WHAT THE TASK ASKS. Please retype the listing exactly as it appears, skipping each picture.

GIVEN INFORMATION.
>>>

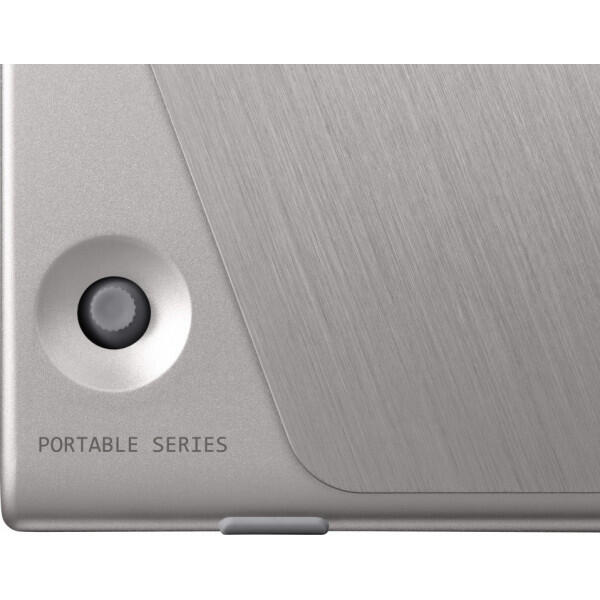 ViewSonic TD1655 Portable Touch-Monitor 39,6cm (15,6') LED-Display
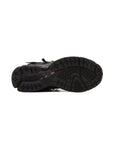 new balance 1906a black scarpe uomo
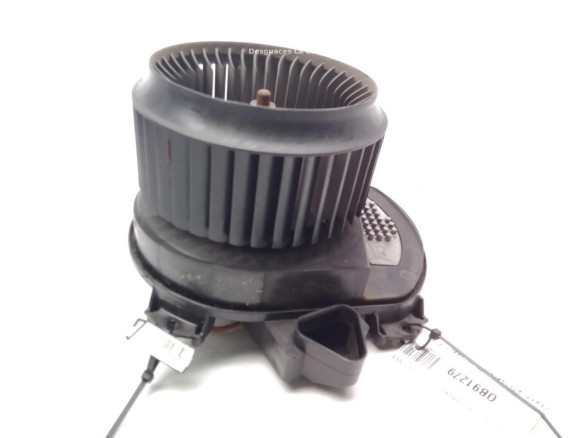A2469064200 MOTOR CALEFACCION MERCEDES BENZ CLASE A (W176)|Desguaces La Cabaña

<<<

RESPONSE TO THE TASK.
 ViewSonic TD1655 Portable Touch-Monitor 39,6cm (15,6') LED-Display
 new balance 1906a black scarpe uomo
A2469064200 MOTOR CALEFACCION MERCEDES BENZ CLASE A (W176)|Desguaces La Cabaña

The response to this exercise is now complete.